スミダスポーツで働く泰介は、認知症を患う80歳の母・万津子を自宅で介護しながら、妻と、バレーボール部でエースとして活躍する高校2年生の娘とともに暮らしている。あるとき、万津子がテレビのオリンピック特集を見て「私は・・・・・・東洋の魔女」「泰介には、秘密」と呟いた。1964年と2020年、東京五輪の時代を生きる親子の姿を三代にわたって描いた感動作
母には息子に隠している何かしらの秘密があった。その背景を描く過去のパートと、息子が成長した現代のパート。後半で明らかになる真実には心が温かくなりました。親のありがたさや人間関係の大切さを痛感させられる作品です。
母が隠していた秘密とは?
58歳の泰介は妻と娘、そして認知症の母・万津子と生活をしていました。話が通じなくなっている母を疎ましく思う泰介。そんなある日、テレビに映る日本代表を見て母はこう呟いた。
「私は‥‥‥東洋の魔女」「泰介には秘密」
意味深な言葉を理解できなかった泰介。彼は、これをきっかけに母の過去を全く知らないことに気付きます。東洋の魔女が意味することとは何か?
そして、母は何を秘密にしていたのか?
本作の構成は、万津子のパートと泰介のパートが交互に描かれています。
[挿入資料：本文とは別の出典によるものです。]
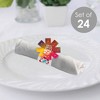 Big Dot of Happiness Holi Hai - Festival of Colors Party Paper Napkin Holder - Napkin Rings - Set of 24 - 2 of 4
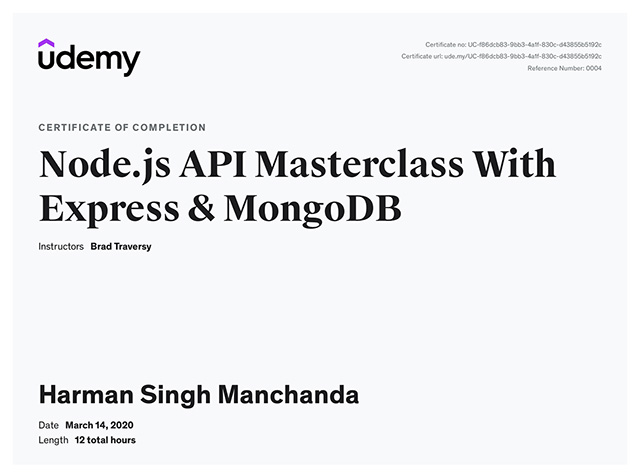 Node.js API Masterclass with Express & MongoDB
泰介が母の秘密に迫っていくとともに、読者も母の万津子の過去には何があったのかわかっていきます。
東京オリンピックを区切りとして、過去と現在を描いている本作。家族や夫婦、子どもへの愛情など身近な人間との関わり合いがとても美しかったです。
感情移入はしづらい
見出しの通りなんですが、良くも悪くも主人公に感情移入がしづらいです。泰介は傍若無人でかなり自分勝手な性格。認知症の母を邪魔者扱いしたり、妻に対してきつく当たったり。読み始めた頃はすごく嫌な奴という印象でした。
このキャラクターの行動や心情に何も共感できません。正直、本を読み進めるのが大変でした。ただ、少しずつ、これは伏線だったのか?と思わされるようになります。
母の隠した秘密と息子の言動。前半からの構成が上手いがゆえに、最後には胸を締め付けられるほどの展開が待っていました。
「自分はどうか?」を考えさせられる読後の余韻
母の秘密が明らかになってからの展開。息子がそこから何を感じ取ったのか。読後には切なさや空虚感があったのですが、それ以上に心に温かみを感じます。特に最後の三行は素晴らしすぎた。
自分は周りの人に対して、きちんと接することができているか。親が自分を育てるためにした苦労は計り知れないものだったのではないか。感謝の気持ちを大切にしていこうと思わされました。
若干は急展開な部分があるかもしれませんが、それ以上に素晴らしさを感じられる一冊。読んだ人たちと感想を語り合いたい作品でした。人間ドラマを描いた物語が好きな人は絶対に読んだ方が良いです!